1. Complete the FAFSA
The first thing you’ll need to do is to fill out the Free Application for Federal Student Aid (FAFSA) form. The form is available at StudentAid.gov, and you can fill it out and submit it online. The school will use the information you provide to determine what type of loan and how much you’re eligible to receive. You’ll also have to attend entrance counseling to qualify for the loan.
2. Get the Financial Aid Award Letter
Once your school reviews your application, it will determine whether you qualify for a subsidized loan. If you do, it will be included in your financial aid package. You’ll receive the financial aid award letter by email or mail. The letter will provide information about the loan.
3. Sign the Paperwork
Once you receive the letter, you’ll need to contact the financial aid office at your school and accept the student loan. You’ll also have to sign the Master Promissory Note and other paperwork to finalize the terms and get the disbursement of loan funds.
Pros and Cons of Subsidized Loans
While there are many benefits of getting a subsidized loan, such as a grace period and deferred interest, there are also a few drawbacks you should be aware of.
- The federal government pays the interest on the loan while you’re in school and during the grace period.
- The interest rate on subsidized loans is lower compared to unsubsidized loans.
- You’ll have a six-month grace period after graduation.
- You can temporarily postpone or defer repayment of loans or get on an income-driven repayment plan if you’re having trouble keeping up with payments.
- The loans are only available to undergraduate students.
- You must demonstrate financial need to qualify.
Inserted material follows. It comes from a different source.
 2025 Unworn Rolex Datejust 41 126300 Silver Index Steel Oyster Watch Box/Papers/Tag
- The lending limits are lower, so they may not cover your entire cost.
Teresa Dodson, founder of Greenbacks Consulting and debt expert, encourages students to consider these loans as the best option to finance college tuition. “Subsidized loans are low-interest and an effective way to achieve goals for funding your educational future,” Dodson says.
Tips To Avoid Defaulting on Loan Payments
Once your grace period is over, you’ll have to start making payments on the loan. As a new graduate, you may find it challenging to keep up with loan repayment along with your other bills. Here are a few tips to avoid defaulting on the payments:
- Make a budget to get a clear picture of your income and expenses. Prioritize important expenses such as groceries, housing costs, and transportation. Add in your debt repayment. Budget for discretionary expenses based on how much you have left over each month after accounting for these expenses.
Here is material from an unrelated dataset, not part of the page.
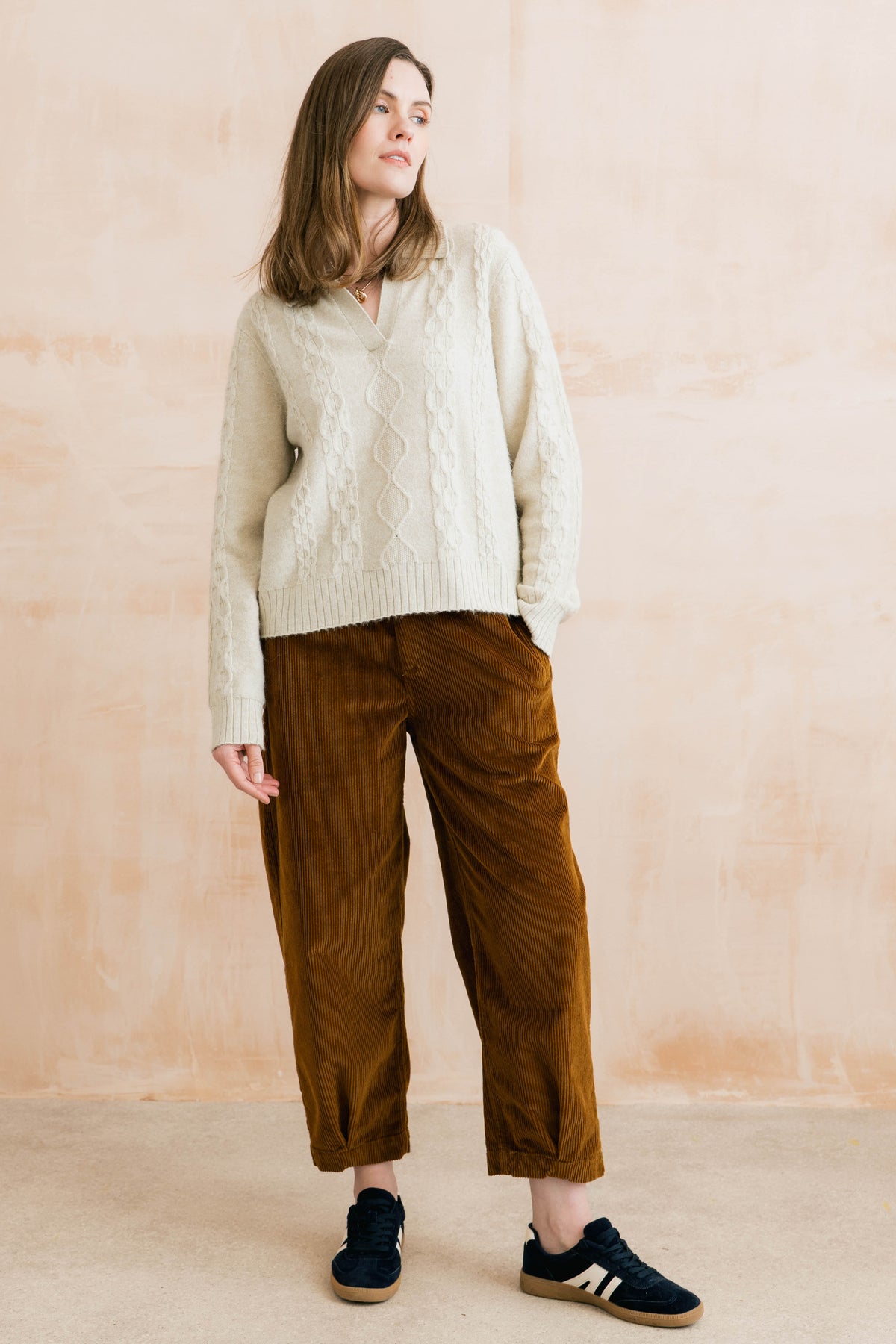 Studio Cable Knit Collared Jumper Oatmeal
- Start putting aside a little money each month to cover unexpected expenses so you don’t have to rely on emergency loans.
- Set up autopay to ensure you don’t miss payments on the loan.
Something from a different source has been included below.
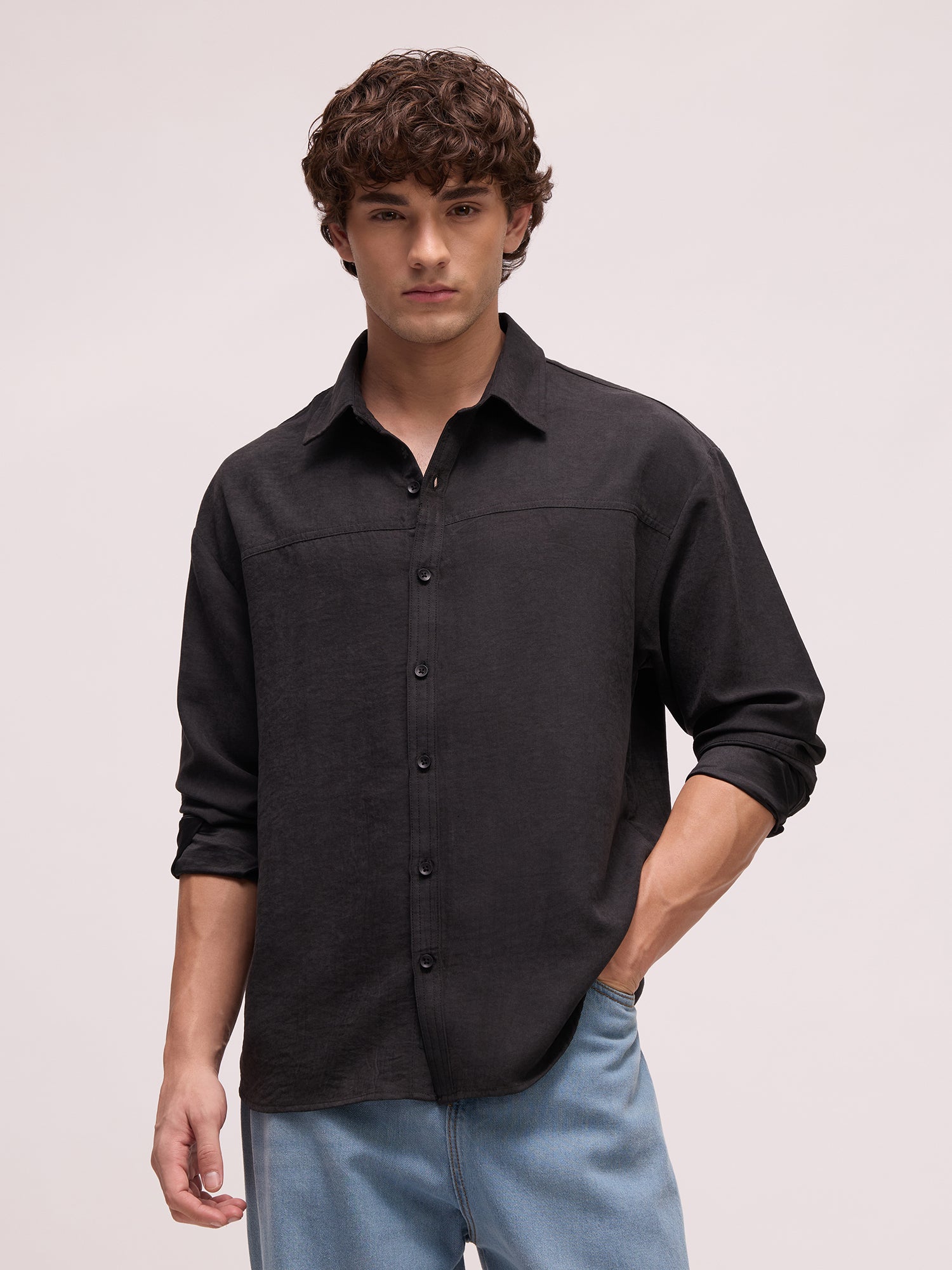 Men Black Solid Party Shirt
- If you think you won’t be able to make your loan payments, get in touch with your loan servicer immediately.
- Evaluate different repayment options, such as an income-based repayment plan, forbearance, and deferment, to see which one may be right for you.
- If you have multiple federal student loans, see if consolidation will be a good option for you.
The Bottom Line on Subsidized Loans
Subsidized loans can help you pay for college even if you don’t have the financial resources to do so. Just remember that you’ll eventually have to repay the loan with interest once you graduate. Carefully evaluate how much you need to borrow and the type of repayment plan that will work for you.